Esports is very much apart of Rainbow Six: Siege and will be here to stay for a while with Ubisoft confirming support for the next two years of competitive play. One of the big changes which will be introduced soon in competitive matches is the new pick and ban phase of the game, something which was influenced from DOTA.

“It’s been my dream since I released the game. We didn’t have the time to do it back then and it would have been a bit too extreme,” Marquis said. “When we shipped in 2015 hero shooters weren’t really a thing, there were I think maybe 2 that existed. There were some which were in development but they have not stuck around, it’s really only us and Overwatch that are making an impact at the moment. We were also the only ones with a unique pick. Because I come from the DOTA culture I added the unique pick since the beginning. I imagined that we would have picks and bans in the game but at that stage it was too early.”

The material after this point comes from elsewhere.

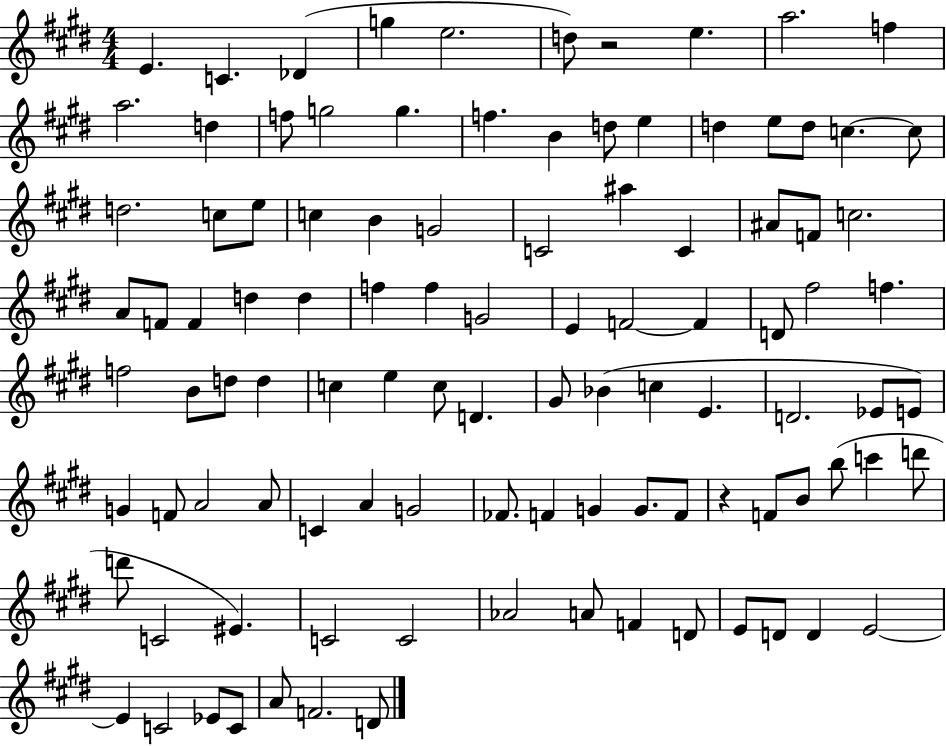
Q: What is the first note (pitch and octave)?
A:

The road map for year three has already been set out. We know that after Operation Chimera, six more operators will be deployed but unfortunately no Australian’s are on that list – even though the Rainbow Six: Siege team made the mistake of saying they’ve got operators from every continent. So where are the Australians, and what does this weird map in the Ubisoft office look like which is missing one the largest countries in the world?

“I’m sure it will happen,” Marquis said. “I have no doubt about it. I don’t know when, but we will do it.”

Rainbow Six: Siege and its latest update, Operation Chimera, are available now on Windows PC, Xbox One and PS4.